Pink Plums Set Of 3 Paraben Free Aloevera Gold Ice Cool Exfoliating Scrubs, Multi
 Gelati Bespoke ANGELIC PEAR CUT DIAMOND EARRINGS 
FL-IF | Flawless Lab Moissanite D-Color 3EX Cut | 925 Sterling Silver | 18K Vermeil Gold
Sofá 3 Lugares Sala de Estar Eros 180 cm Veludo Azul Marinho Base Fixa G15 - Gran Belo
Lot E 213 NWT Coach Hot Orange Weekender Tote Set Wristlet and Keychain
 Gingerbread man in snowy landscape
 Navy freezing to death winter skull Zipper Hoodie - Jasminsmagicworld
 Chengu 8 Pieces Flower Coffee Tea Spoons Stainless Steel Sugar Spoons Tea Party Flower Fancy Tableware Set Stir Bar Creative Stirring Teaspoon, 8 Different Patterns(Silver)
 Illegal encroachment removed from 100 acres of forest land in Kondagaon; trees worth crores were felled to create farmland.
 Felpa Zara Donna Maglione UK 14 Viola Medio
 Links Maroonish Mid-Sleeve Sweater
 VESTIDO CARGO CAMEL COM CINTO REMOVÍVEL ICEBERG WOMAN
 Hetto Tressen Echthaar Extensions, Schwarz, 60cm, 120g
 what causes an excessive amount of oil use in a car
======
◆ Aim of the task:
Set down exactly the line with "Hetto Tressen Echthaar" and each line after it up to the end of the records, adding nothing.

◆ Output for this task:
 Hetto Tressen Echthaar Extensions, Schwarz, 60cm, 120g
 what causes an excessive amount of oil use in a car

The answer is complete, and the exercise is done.